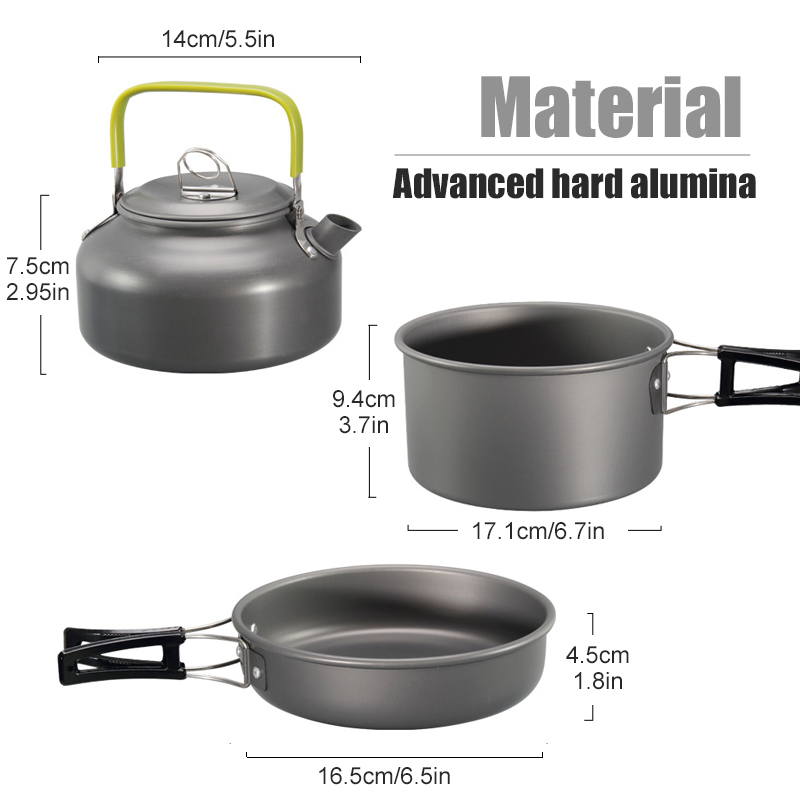 WESTTUNE Camping Cookware Kit  - Campfire Cooking Anime avis et prix
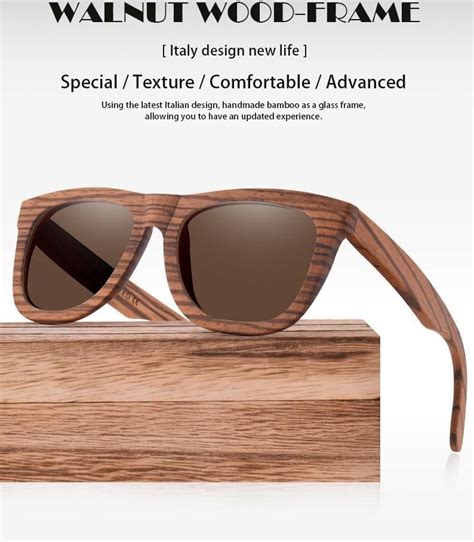 This Time Around We Are Reviewing Wood Frame Sunglasses Whether Its A Woodgrain Look Or A Real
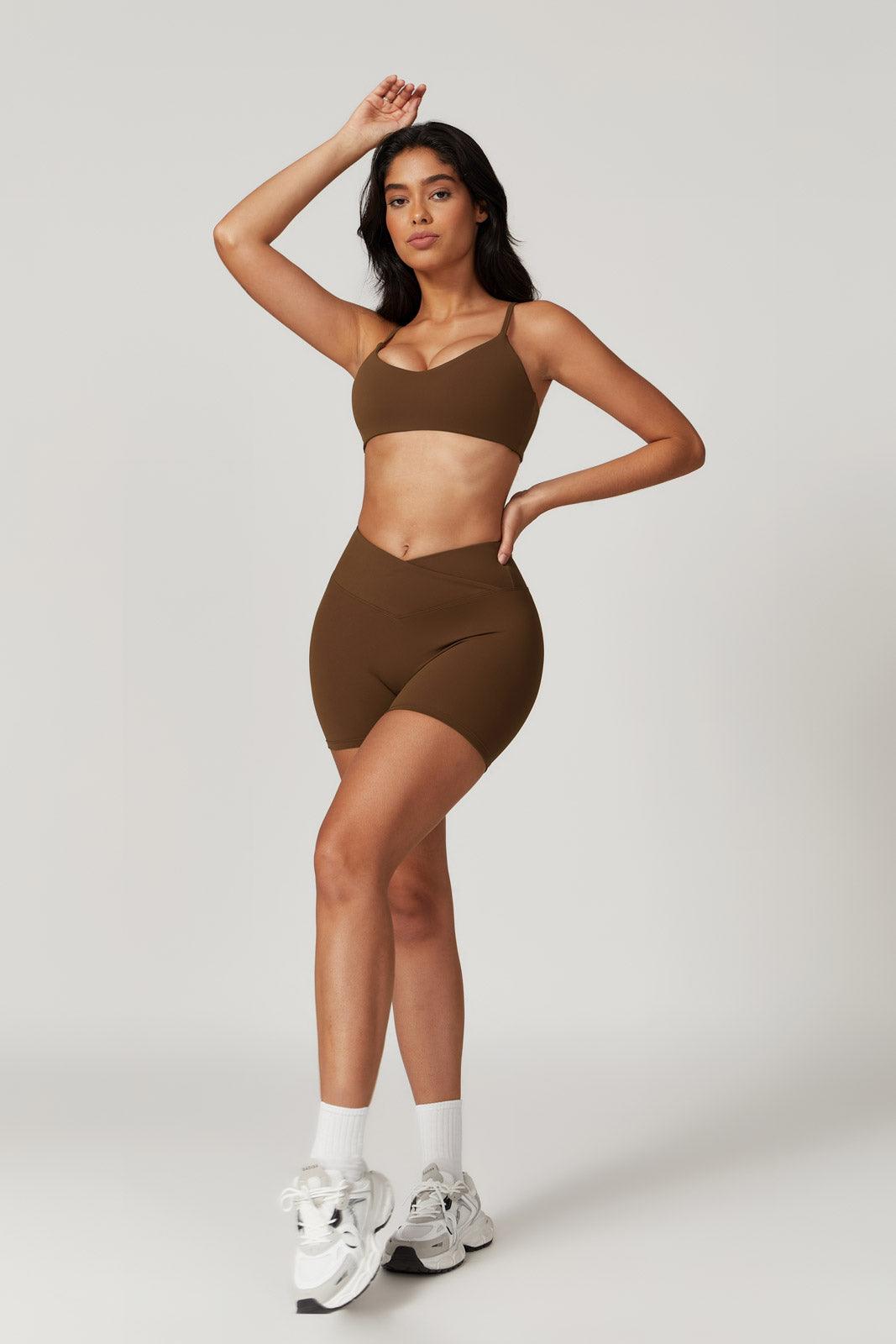 Zoe Shorts - Brown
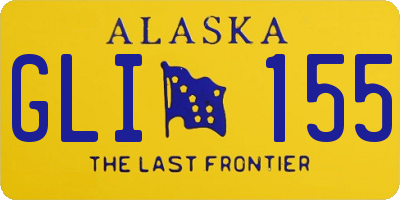 AK license plate GLI155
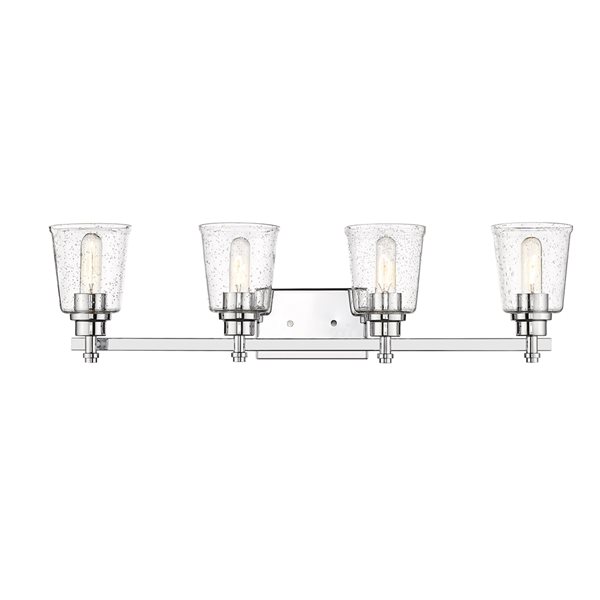 Z-Lite Bohin 4-Light Chrome Transitional Vanity Light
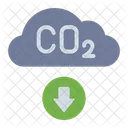 Reduction Du CO Emissions De Carbone Meteo Icône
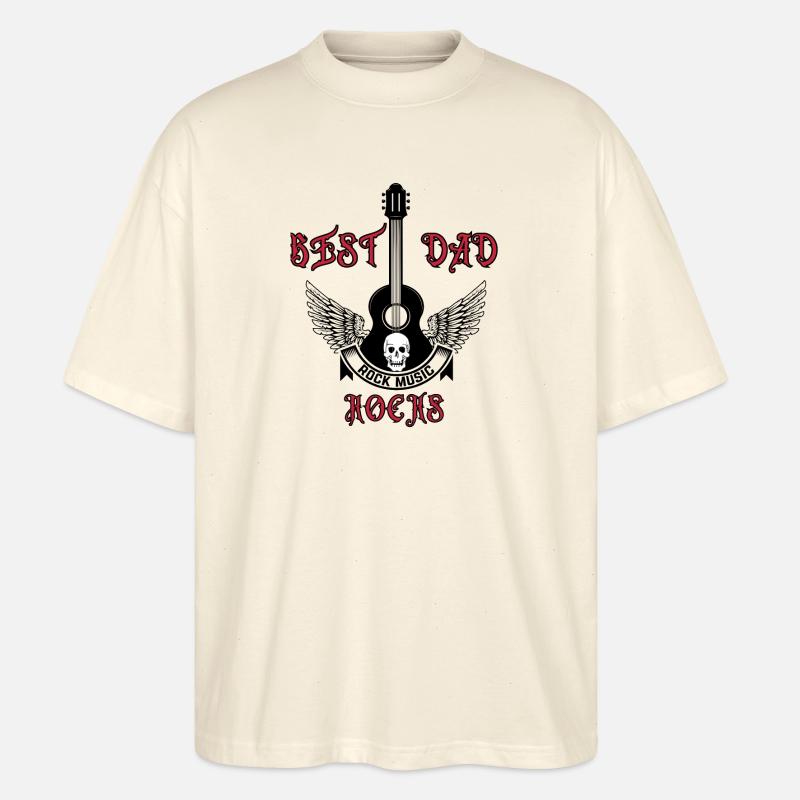 Die besten Dad Rocks - Stanley/Stella Oversized Unisex Bio T-Shirt Blaster 2.0 - Natur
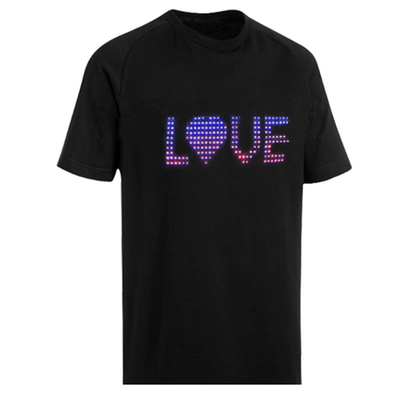 Mitteilungs-T-Shirt APP-Steuerled mit Progrmme-Anzeigen-Baumwolle 100%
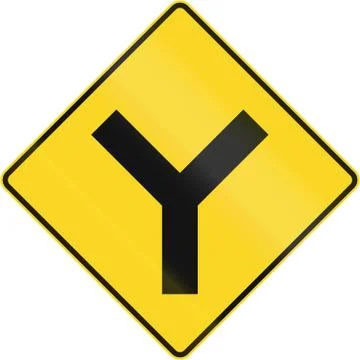 Intersection Ahead In Canada Stock Illustration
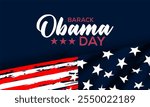 Barack Obama Day. Vector background illustration.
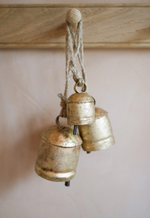 Load image into Gallery viewer, Brass Bells Set of Three Sizes
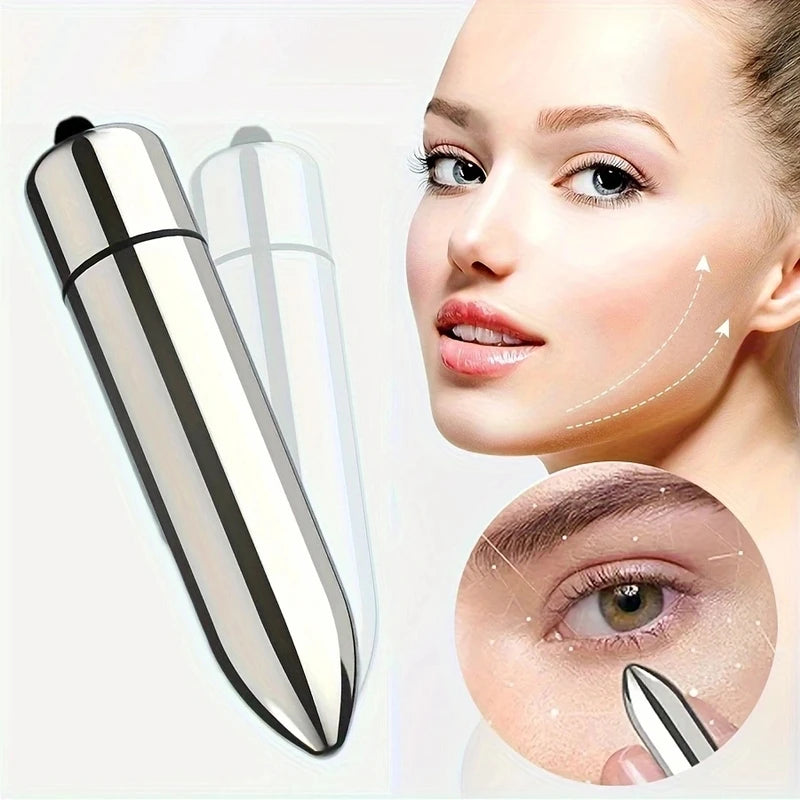 Portable Vibrating Facial & Eye Massager for Skin Absorption & Relaxation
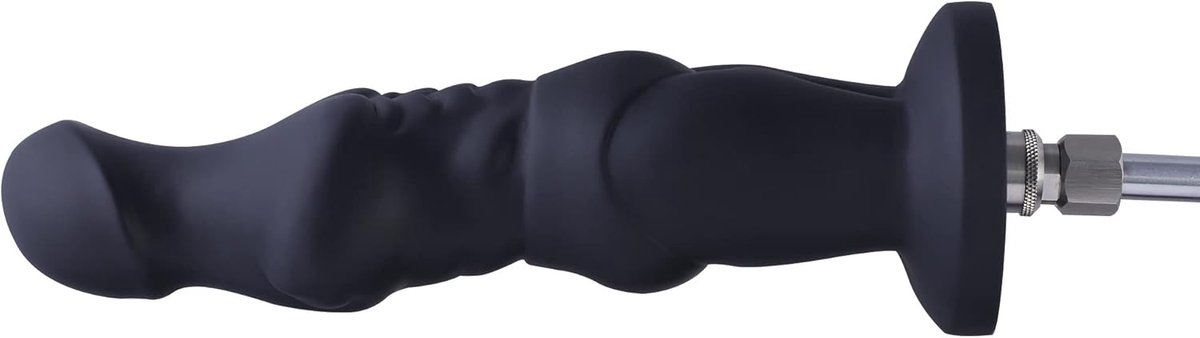 SnelShoppen - Dildo Opzetstuk 25 cm KlicLok met Zuignap - Flexibel en Sterk - Voor Intens Genot en Avontuurlijke Momenten - Ideaal voor Thuis en Reize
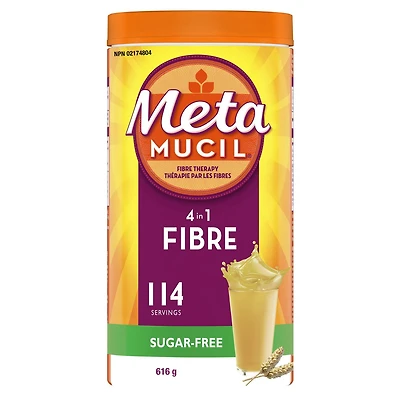 Metamucil Fibre Smooth Texture Sugar Free Unflavored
◆ ◆ ◆ ◆ ◆
EXERCISE INSTRUCTIONS: While leaving pictures out, reproduce exactly the lines from the beginning of the listing above through the line containing "Z-Lite Bohin 4-Light", both ends included.

SOLUTION TO THIS EXERCISE:
 WESTTUNE Camping Cookware Kit  - Campfire Cooking Anime avis et prix
 This Time Around We Are Reviewing Wood Frame Sunglasses Whether Its A Woodgrain Look Or A Real
 Zoe Shorts - Brown
 AK license plate GLI155
 Z-Lite Bohin 4-Light Chrome Transitional Vanity Light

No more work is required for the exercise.